De son côté, Emile Joseph a 41 ans à ce moment-là. Il se marie célibataire !
4.2 - Descendance
C’est la Feuille Matricule d’Emile Joseph qui nous apprend qu’il a une famille nombreuse :
- Entre 1922 et 1928, il est vrai que Victorine a accouché 6 fois !
Mais cette famille trouve son apogée sur le recensement de Damelevières (54). En 1936, 7 enfants entourent Victorine et Émile.
5 – Décès
5.1 - PIERRE Emile Joseph
Émile meurt à Damelevières [19] le 3 octobre 1936. Donc peu après le recensement relaté ci-dessus.
Il n’a que 57 ans !
5.2 - MARIÉ Marie Victorine
Elle finit sa vie à Nice (06). Elle habite au 1, rue Catherine SEGURANE [20]. Elle s’éteint là, le 12 juin 1966 [21], elle a 76 ans.
- Vue de l’immeuble (N°1) et plaque de la rue SEGURANE (Google – Street View.)
Connaitre depuis quand Victorine est à Nice est impossible car les recensements de cette ville stoppent à 1911 ! Et pour le savoir il faudrait avoir connaissance des recensements relevés après 1936.
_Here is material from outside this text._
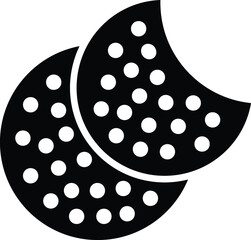 Cookie Vector Icon Design Illustration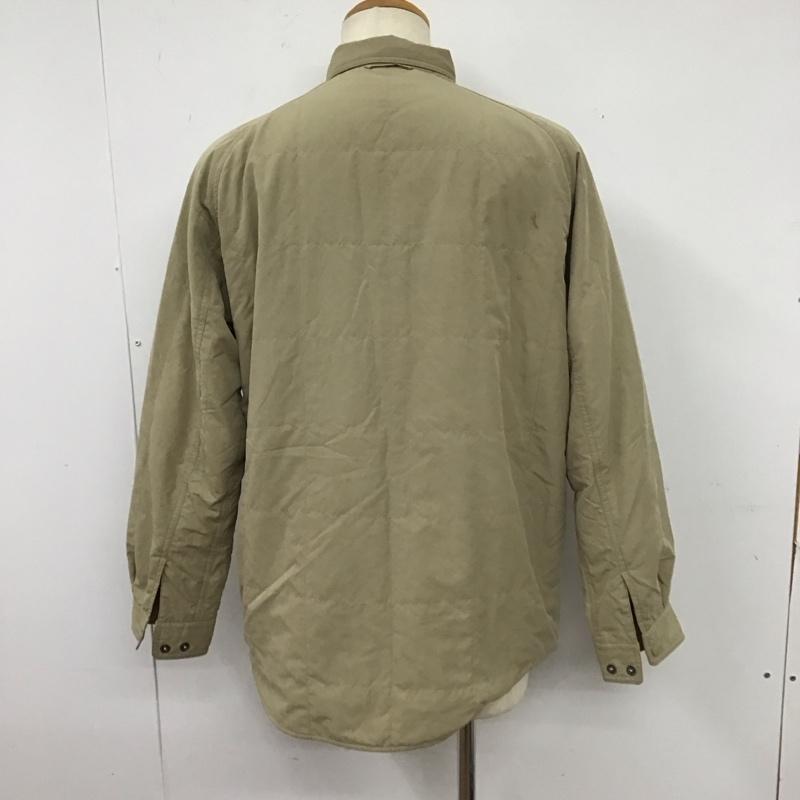 コロンビア Columbia ジャケット、上着 ジャケット、ブレザー 205 PM7409 キルティングジャケット M 無地 ベージュ / ベージュ /  メンズ USED 古着 中古 10122990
Elle est restée veuve 30 ans. Elle ne s’est pas remariée.
- Que fait-elle à Nice ?
- Quand s’est-elle installée là ?
- S’est-elle rapprochée de l’un de ses enfants ?
- Le déclarant : Albert BELLETTI [22], âgé de 40 ans (donc né vers 1926), reste et restera sûrement une énigme… D‘autant que les registres de la Mairie de Nice, ne le contiennent ni en naissance, ni en décès !
6 – Conclusions
Ces recherches démontrent simplement qu’à partir d’un court texte apposé sur une carte postale, il est possible de partir à la découverte d’une famille au départ totalement inconnue.
Que resterait-il à découvrir pour mettre un point final à ces pages :
- Nous ne savons rien à propos de la raison qui a poussé Victorine à finir ses jours à Nice.
- Nous ignorons où et quand ses parents sont morts.
- De quoi ,où, comment est décédé Emile ?
- Des interrogations mineures surgissent aussi lors de la lecture de ces quelques pages…
Mais d’autres questions se sont posées au cours de ces recherches. Les Annexes y répondent.
7 – Annexes
7.1 - A propos de la représentation des arbres généalogiques.
C’est la façon de présenter les personnages de cette histoire que je détaille dans ces pages.
7.2 - Lien ou pas entre MARIÉ Etienne et LÉONARD Marie Clarice.
Une accolade, sur une feuille de recensement, ouvre la porte à cette question.
7.3 - Qui est PIERRE Brice pour PIERRE Marie Virginie ?
Ici c’est la recherche d’une parenté qui est développée…
7.4 - Qui est PIERRE Emile Joseph pour PIERRE Marie Virginie ?
Cette annexe révèle un ancêtre commun entre ces deux personnes.
7.5 – PIERRE Emile Joseph (1879-1936).
Cette annexe reprend une partie du contenu de ces pages mais elle va bien plus loin dans la connaissance du parcours de cet Adjudant-Directeur d’Usine.
8 – Remerciements
La plupart des mairies vosgiennes ont répondu rapidement et favorablement à mes nombreuses demandes d’informations. Merci à ces Dames, Merci à ces Messieurs.
J’ai puisé pas mal de cartes postales dans la rubrique offerte par Généanet. Ces contributeurs sont tous cités dans l’Annexe A. A ces donnateurs, je dis : Merci à eux !
Pour avoir sollicité les Archives Départementales des Vosges, de la Meuse, de la Meurthe-et-Moselle, j’adresse un : Merci à ces Dames, Merci à ces Messieurs.
Je manifeste toute ma gratitude à Mesdames Gabrielle CHARRETIER, Danièle MICHEL et Dominique PIAUD pour leur aide : Merci à Elles.